---- Information

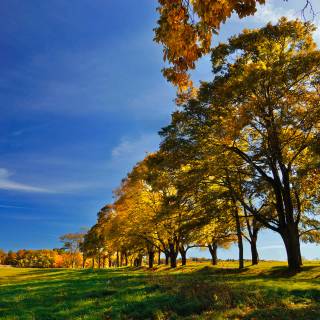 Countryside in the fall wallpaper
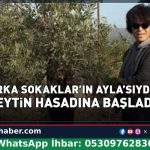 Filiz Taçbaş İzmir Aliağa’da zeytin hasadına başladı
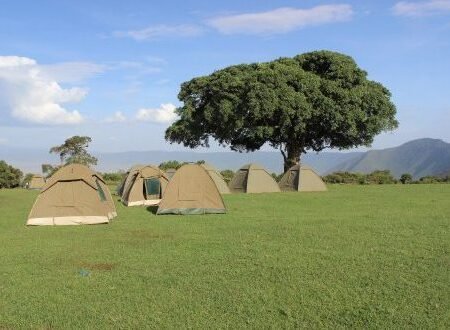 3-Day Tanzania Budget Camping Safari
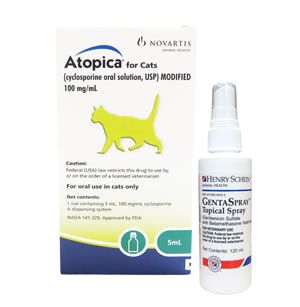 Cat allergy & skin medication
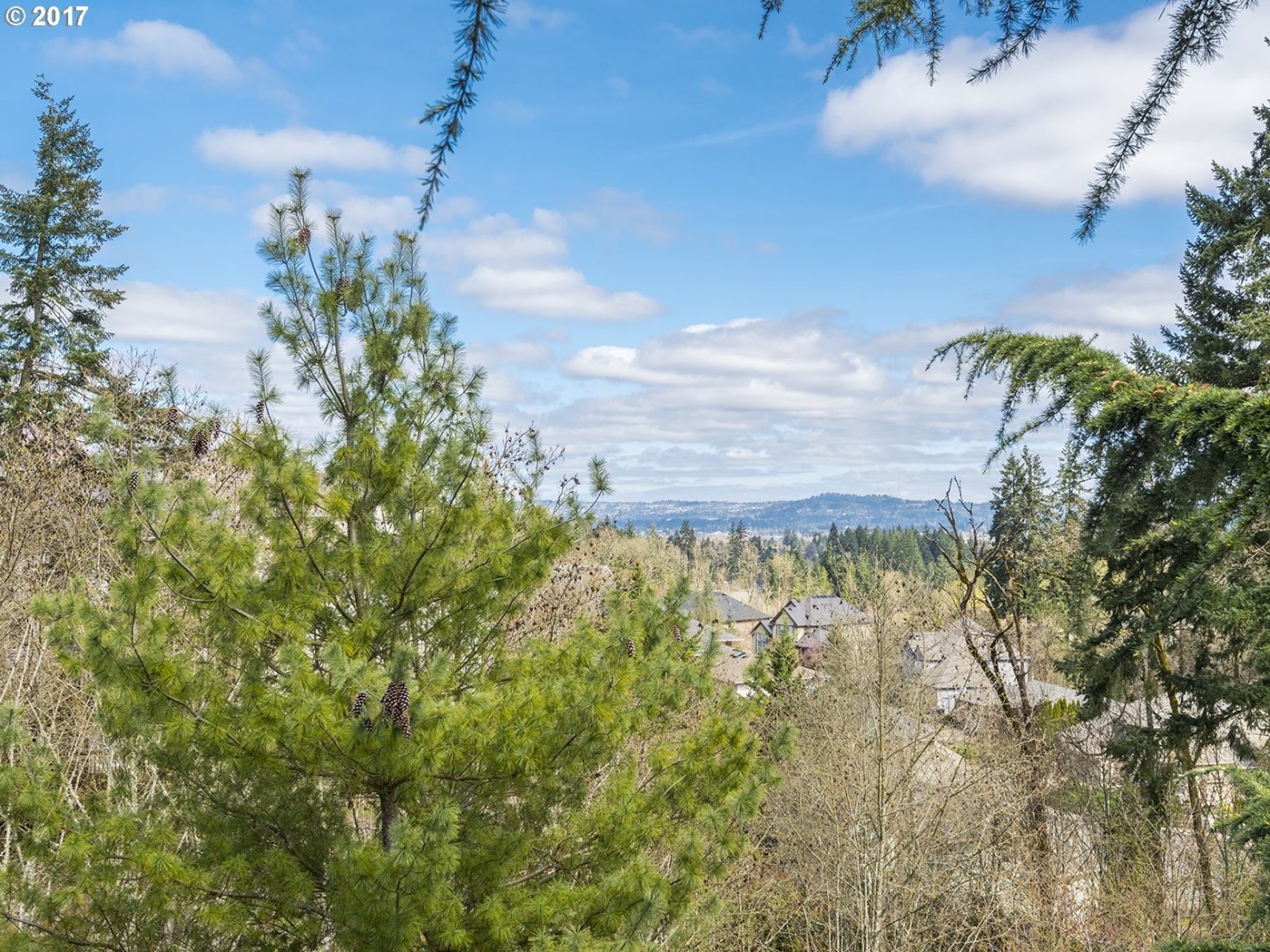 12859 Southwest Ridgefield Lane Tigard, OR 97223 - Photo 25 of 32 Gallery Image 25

--------

What the answer needs is every line from the one containing "Cat allergy & skin medication" through the final line of the data above, copied exactly, without pictures.

 Cat allergy & skin medication
 12859 Southwest Ridgefield Lane Tigard, OR 97223 - Photo 25 of 32 Gallery Image 25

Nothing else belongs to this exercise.